Birleşik Krallık, 40 yıl aradan sonra ilk süpersonik hava üstünlük savaş uçağını üretmek için geri sayımı başlattı. İngiltere, İtalya ve Japonya ortaklığında geliştirilen Tempest savaş uçağında üretim süreci resmen başladı. Projeye liderlik eden BAE Systems, uçağın kanat, gövde ve kuyruk bölümlerinin üretimi için dijital ve robotik imalat teknolojilerini kullanıyor.
Savunma sanayisinde “GCAP” (Global Combat Air Programme) adıyla da bilinen Tempest, 6. nesil savaş uçağı sınıfında yer alıyor.
Hız, gizlilik, yapay zekâ entegrasyonu ve açık mimari sistemiyle dikkat çeken uçak, savaş sahalarının çehresini değiştirmeye hazırlanıyor. BAE Systems, Rolls-Royce, Leonardo ve Mitsubishi Heavy Industries gibi dev şirketlerin dâhil olduğu program, sadece bir uçak üretimi değil, aynı zamanda geleceğin hava savunma teknolojilerine geçiş süreci olarak görülüyor.
Test uçuşları başlamadan veriler toplanıyor
Tempest henüz havalanmadan önce uçuş simülasyonları ile test edilmeye başlandı. Royal Air Force, BAE Systems ve Rolls-Royce pilotları, bu gelişmiş simülatörlerde 300 saatten fazla test uçuşu gerçekleştirdi. Yapılan testlerde uçuş kontrol sistemleri, manevra kabiliyeti ve pilotun uçakla olan etkileşimi değerlendiriliyor.
Uçağın gerçek uçuşa geçmeden önce bu kadar kapsamlı simüle edilmesi, olası sorunları daha erken tespit etmeyi ve geliştirme sürecini hızlandırmayı hedefliyor. İngiltere Savunma Bakanlığı Gelecek Savaş Uçakları Direktörü Richard Berthon, demonstrasyon uçağının tasarımının ilk kez gün yüzüne çıktığını belirterek üretimin hızla ilerlediğini ifade etti.
Uçak üretiminde 3D baskı, dijital ikizler, yapay zekâ, artırılmış gerçeklik ve giyilebilir teknolojiler aktif olarak kullanılıyor. Projenin gelecekte 1000’den fazla tedarikçiyi kapsayacağı ve binlerce kişiye yüksek nitelikli istihdam sağlayacağı öngörülüyor.

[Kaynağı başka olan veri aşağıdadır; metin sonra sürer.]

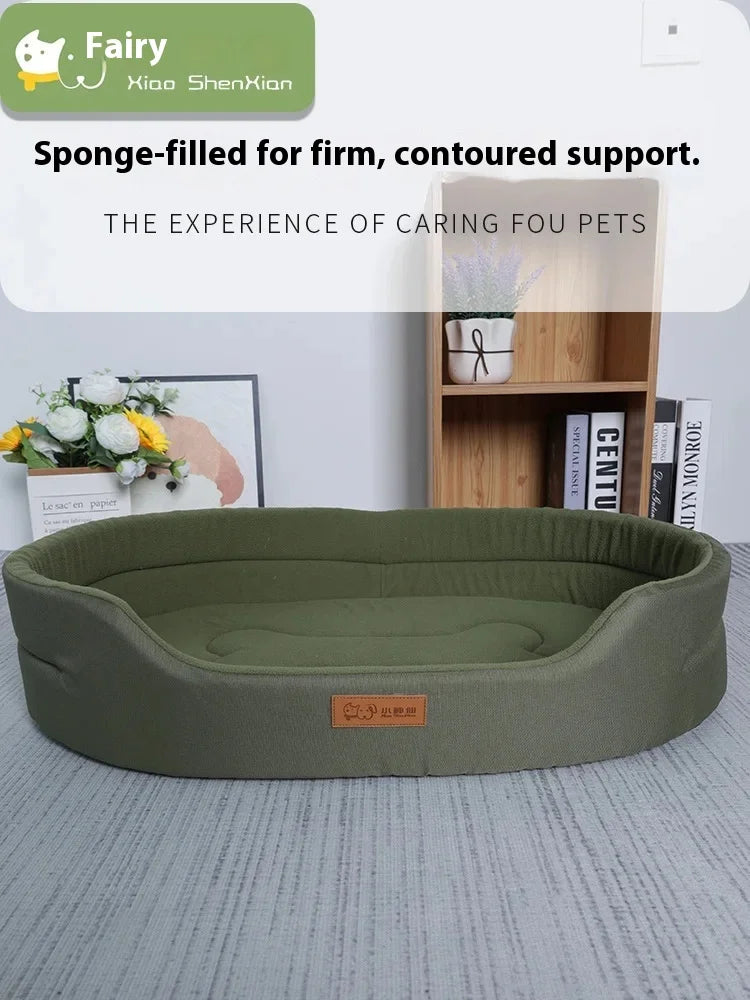 Dog Pet Beds Square Dog Bed For Large Dogs Dog Sofa Beds Waterproof Customized Pet Bed Inner Pad Washable Puppy Kennel Accessory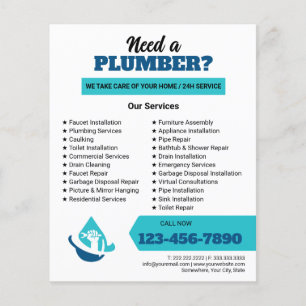 Professional Plumbing Service Business Logo Flyer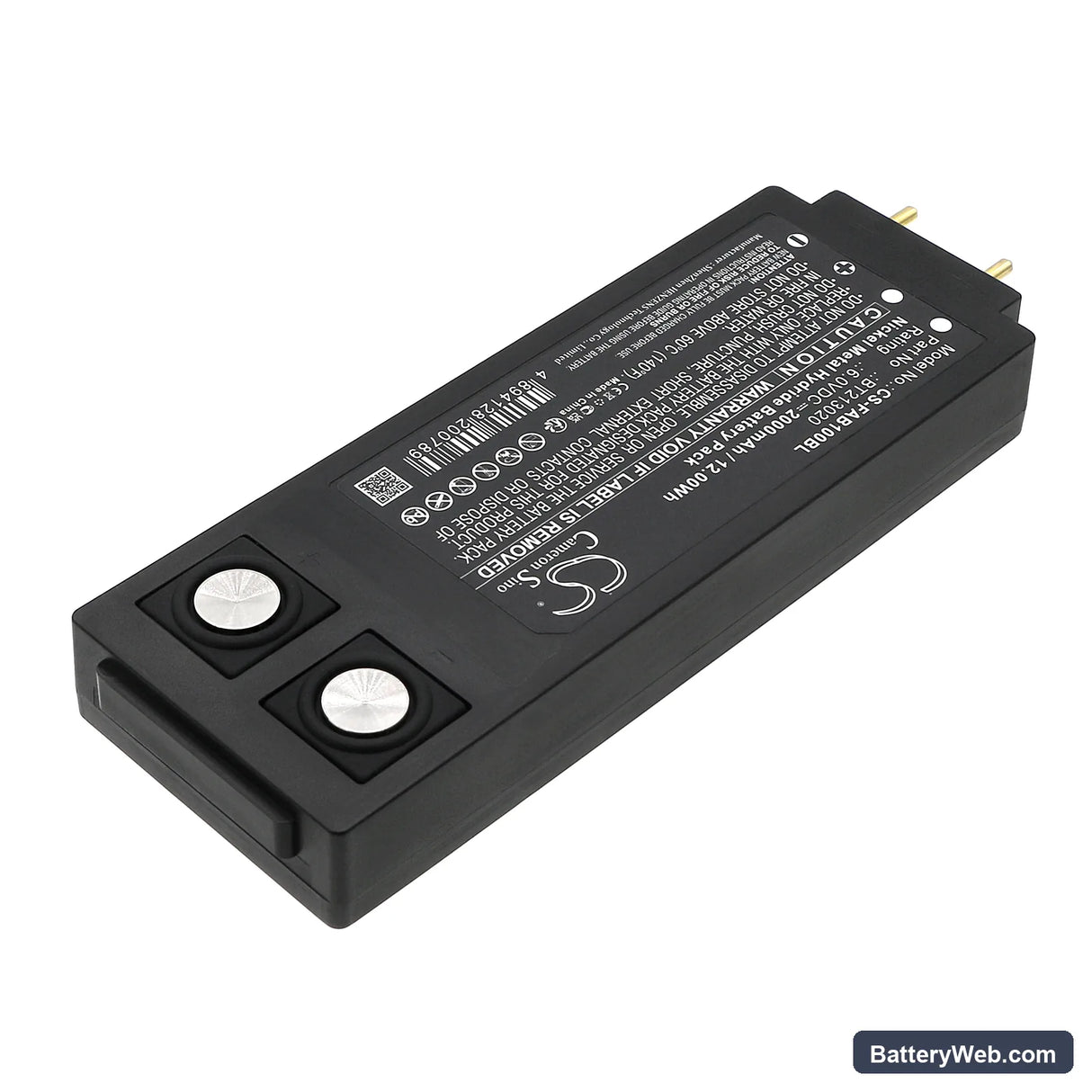 HBC TTB 10 Replacement Battery, 6V, 2000mAh, Ni-MH 2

6. nesil uçaklar tehdit tanımını değiştirecek
GCAP ile geliştirilen Tempest, 6. nesil savaş uçakları arasında yer alacak. Bu sınıftaki uçakların en belirgin özellikleri; daha düşük radar izi, yapay zekâ desteği, insansız hava araçlarıyla koordineli uçuş ve hipersonik silahlarla entegrasyon yeteneği olarak sıralanıyor.

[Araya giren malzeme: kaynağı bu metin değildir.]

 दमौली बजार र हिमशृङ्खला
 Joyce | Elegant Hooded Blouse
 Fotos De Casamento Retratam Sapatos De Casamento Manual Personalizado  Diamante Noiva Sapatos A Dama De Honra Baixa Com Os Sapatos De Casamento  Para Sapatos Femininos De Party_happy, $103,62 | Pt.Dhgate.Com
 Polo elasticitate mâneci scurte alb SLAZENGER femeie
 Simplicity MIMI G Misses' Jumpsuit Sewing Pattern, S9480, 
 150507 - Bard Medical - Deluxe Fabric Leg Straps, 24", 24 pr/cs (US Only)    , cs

Tempest’in, düşman hava sahalarında daha uzun süre görev yapabilmesi için değişken döngülü motorlarla donatılması planlanıyor. Ayrıca açık mimari yapısıyla, ileride geliştirilecek olan yeni nesil silah sistemleri ve yazılımlar da uçağa kolaylıkla entegre edilebilecek.
GCAP’in nihai hedefi, 2040 yılı itibarıyla bu uçakları aktif görevde kullanıma sunmak. Tempest’in, İngiltere’nin savunma teknolojisinde lider konumunu koruyarak Japonya ve İtalya ile birlikte geleceğin hava üstünlüğünü sağlaması bekleniyor.